Finnish painter (1891–1977)

Eero Aleksander Nelimarkka (10 October 1891 - 27 January 1977) was a Finnish painter. He is best known for depicting the plain landscapes of Ostrobothnia but he also produced portraits of notable Finns and family members.

==Biography==
Nelimarkka was born in Finland on 10 October 1891, at Vaasa, the son of Erkki Nelimarkka, a tailor, and Maria Nelimarkka (née Koivukangas). In 1912, Nelimarkka studied at Académie de la Grande Chaumière and in Académie Julian.

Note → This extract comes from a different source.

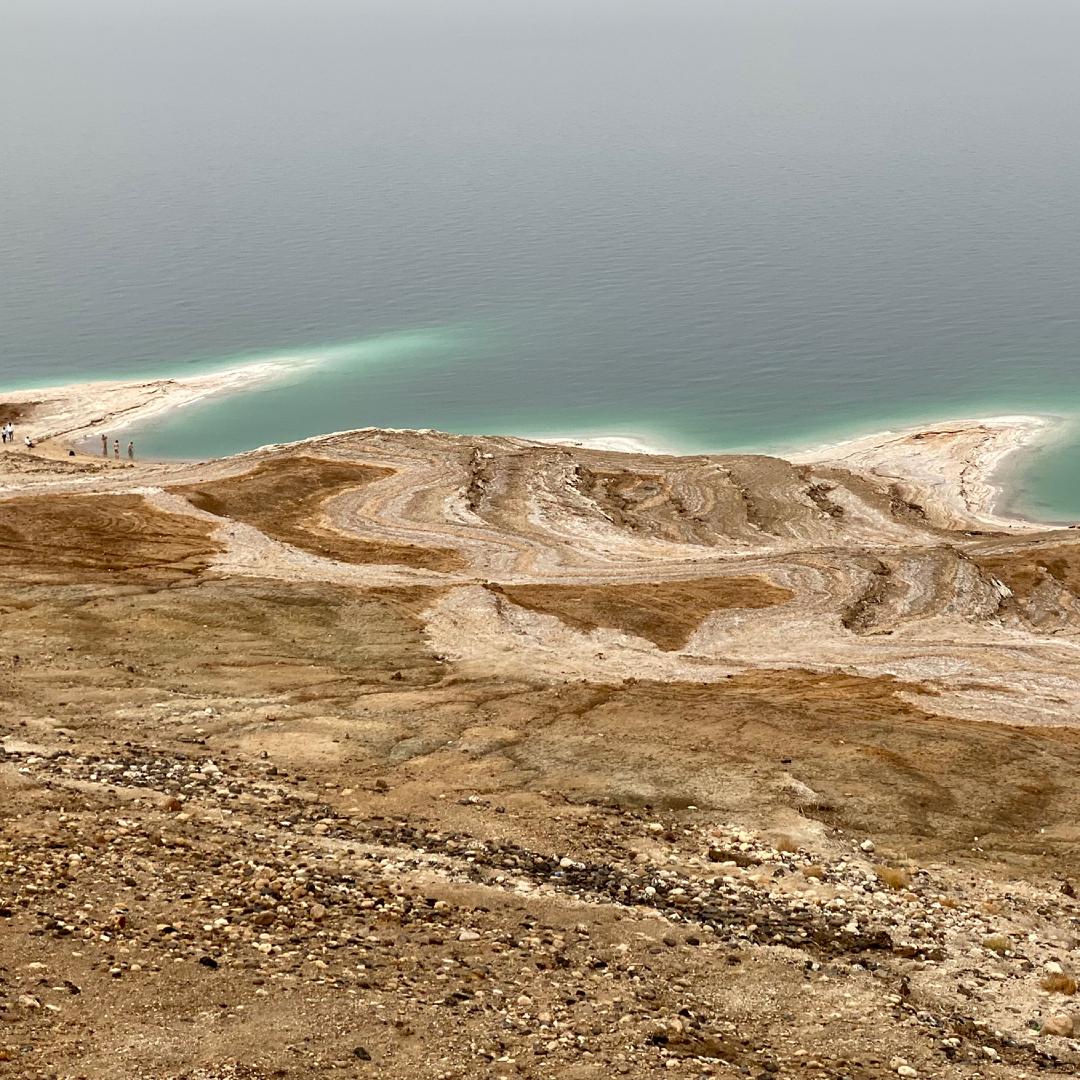 Outcrops of salty rock in the Dead Sea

In 1945, Nelimarkka established "The Nelimarkka Foundation". The founders also included J. A. Hollo. The mission of the Nelimarkka Foundation is to preserve and promote Eero Nelimarkka's production and life's work. In 1964, he built the Nelimarkka Museum on his father's farm at Alajärvi in southern Ostrobothnia. Its core collection of some 1700 works is owned by the Nelimarkka Foundation.

Nelimarkka died on 27 January 1977, aged 85, in Helsinki. He is buried in the Hietaniemi Cemetery in Helsinki.

== Personal life ==
Nelimarkka's son Antti Nelimarkka founded Neles. Antti Nelimarkka's daughter is artist Riitta Nelimarkka-Seeck, mother of writer Max Seeck.